Or, indeed, sometimes of Harry?

HARRY: SERIOUSLY EVIL WIZARD COMING THROUGH?

Was Harry a Dark wizard? The Weasley twins mocked the notion in PoA, but the Weasleys are among those who conflate “Dark” with “seriously Evil.” What do others say?

“I should remind you that when Potter first arrived at Hogwarts there were still many stories circulating about him, rumors that he himself was a great Dark wizard, which was how he had survived the Dark Lord’s attack.” Severus to Bellatrix (HBP, “Spinner’s End”) As Whitehound points out, these are two Dark Arts specialists talking to each other; it apparently made sense to them to posit that a toddler could save himself from a murder attempt by an instinctive/natural use of Dark magic. Which reaffirms that using Dark magic is not intrinsically wicked; if Harry (rather than Lily) HAD instinctively made Riddle’s murderous spell rebound, would anyone really care to say the baby did something evil? Even if doing this showed the baby’s intuitive mastery of Dark magic?

Nor were Death Eaters the only ones to think this. After Harry had revealed himself to be a Parselmouth in CoS, consider what Hufflepuff Ernie Macmillan had to say:

“No one knows how he survived that attack by You-Know-Who. I mean to say, he was only a baby when it happened. He should have been blasted into smithereens. Only a really powerful Dark wizard could have survived a curse like that…. That’s probably why You-Know-Who wanted to kill him in the first place. Didn’t want another Dark Lord competing with him. I wonder what other powers Potter’s been hiding?” (PoA, “The Dueling Club”)

Note that Ernie was 12 here, and never presented as the world’s foremost innovative thinker, so he must be parroting what he’d previously heard from his nine-generation-Pureblood, Voldemort-hating family. So among those in the know on both sides, Harry has been associated with Dark Magic ever since he acquired that scar.

Look at attitudes towards Harry over time. If the WW thought Harry’s supposed use of Dark magic to survive Riddle to be intrinsically evil, they should have been worried about replacing one Dark Lord with a worse. Was there any sign that ANYONE in the WW regarded infant Harry as a possible Rosemary’s Baby? Not a one, neither in the celebrations overheard by Vernon Dursley, nor in child-Harry’s encounters with oddly-dressed strangers, nor in Harry’s trip to Diagon Alley…. True, some former DE’s wondered if they could rally around him as a new Dark Lord. But the kid’s politics turned out to be impossible, and Snape assured his former fellows that the boy’s abilities had been grossly overrated.
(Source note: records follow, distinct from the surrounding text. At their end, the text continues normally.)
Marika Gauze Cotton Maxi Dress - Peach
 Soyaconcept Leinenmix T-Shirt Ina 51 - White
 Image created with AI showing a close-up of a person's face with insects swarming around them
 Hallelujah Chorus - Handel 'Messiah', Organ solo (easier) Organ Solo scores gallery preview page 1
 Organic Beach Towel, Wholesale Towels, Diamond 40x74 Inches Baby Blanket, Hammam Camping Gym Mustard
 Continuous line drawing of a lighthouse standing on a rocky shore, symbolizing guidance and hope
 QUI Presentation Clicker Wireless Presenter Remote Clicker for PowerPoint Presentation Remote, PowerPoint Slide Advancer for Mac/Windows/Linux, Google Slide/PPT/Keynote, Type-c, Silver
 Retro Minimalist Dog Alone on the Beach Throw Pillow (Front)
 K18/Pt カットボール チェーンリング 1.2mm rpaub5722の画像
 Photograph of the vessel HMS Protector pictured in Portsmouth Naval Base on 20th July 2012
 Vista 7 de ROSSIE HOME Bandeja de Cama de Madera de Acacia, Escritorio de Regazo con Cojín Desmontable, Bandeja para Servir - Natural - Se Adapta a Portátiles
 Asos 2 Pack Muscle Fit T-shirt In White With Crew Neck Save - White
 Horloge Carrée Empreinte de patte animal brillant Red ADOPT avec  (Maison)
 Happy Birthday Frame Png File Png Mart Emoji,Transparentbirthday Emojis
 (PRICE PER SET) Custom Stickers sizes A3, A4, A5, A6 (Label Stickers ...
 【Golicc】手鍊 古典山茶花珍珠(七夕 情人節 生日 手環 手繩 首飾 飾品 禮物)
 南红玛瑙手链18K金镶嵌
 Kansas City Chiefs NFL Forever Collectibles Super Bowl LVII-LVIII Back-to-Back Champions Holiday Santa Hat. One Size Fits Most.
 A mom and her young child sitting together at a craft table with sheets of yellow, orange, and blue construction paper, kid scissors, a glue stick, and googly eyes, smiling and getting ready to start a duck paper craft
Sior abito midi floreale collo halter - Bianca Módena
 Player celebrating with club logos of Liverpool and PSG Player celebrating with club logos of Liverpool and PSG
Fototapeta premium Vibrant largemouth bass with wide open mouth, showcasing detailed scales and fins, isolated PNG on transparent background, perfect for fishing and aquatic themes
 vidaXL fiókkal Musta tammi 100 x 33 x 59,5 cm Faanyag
But in fact Harry did turn out to have a natural affinity for combat spells and for will-based magic (such as the Patronus charm and resisting the Imperius)-in fact, didn’t he get an “O” in exactly one of his OWLs? Remind me of which one, will you?

And Harry’s a Parselmouth-famous Dark wizard Salazar Slytherin’s signature ability, long associated with Dark magic. Let’s look closely at everyone’s reactions to that fact. While the school was under siege by someone claiming to be the Heir of Slytherin, many of the other students feared and mistrusted Harry.

Yet, oddly, we see no sign that any ADULTS did; apparently both the staff and the Ministry accepted Dumbledore’s assurances that the known Parselmouth on site was not responsible for the attacks. And the Ministry still did not send anyone in to interrogate Harry after Dumbledore had been ousted. Nor did the Acting Headmistress question the child. Among knowledgeable adults, apparently, being a Parselmouth wasn’t enough to link one to the Heir of Slytherin’s attacks.

Most tellingly, look at Draco’s reaction. Draco did NOT react to Harry’s display of Parseltongue by falling on him as a brother-in-spirit and Slytherin’s obvious heir. His attitude seemed to have been more, “So fine, Potter’s a Dark wizard; my father was right all along. It figures. But the tosser’s still not on my side, and Granger’s best friend certainly isn’t the one opening Slytherin’s Chamber. Wish I knew who it was….”

After Harry had dispatched the Basilisk, of course he was again a hero to much of the school. And he apparently continued generally popular until GoF, when people thought he’d cheated to get into the Tournament.

But-he was still a known Parselmouth. Moreover, while the details were hazy (more accurately, various, and changing colorfully at each retelling), everyone knew that Harry’s first year, he made it through a maze of magical hazards, confronted You-Know-Who possessing Quirrell (or was it Quirrell trying to steal the Stone?), and won. His second year he slew the Basilisk. His third, Harry fell afoul simultaneously of a raging werewolf, You-Know-Who’s chief lieutenant, and a pack of Dementors, and escaped.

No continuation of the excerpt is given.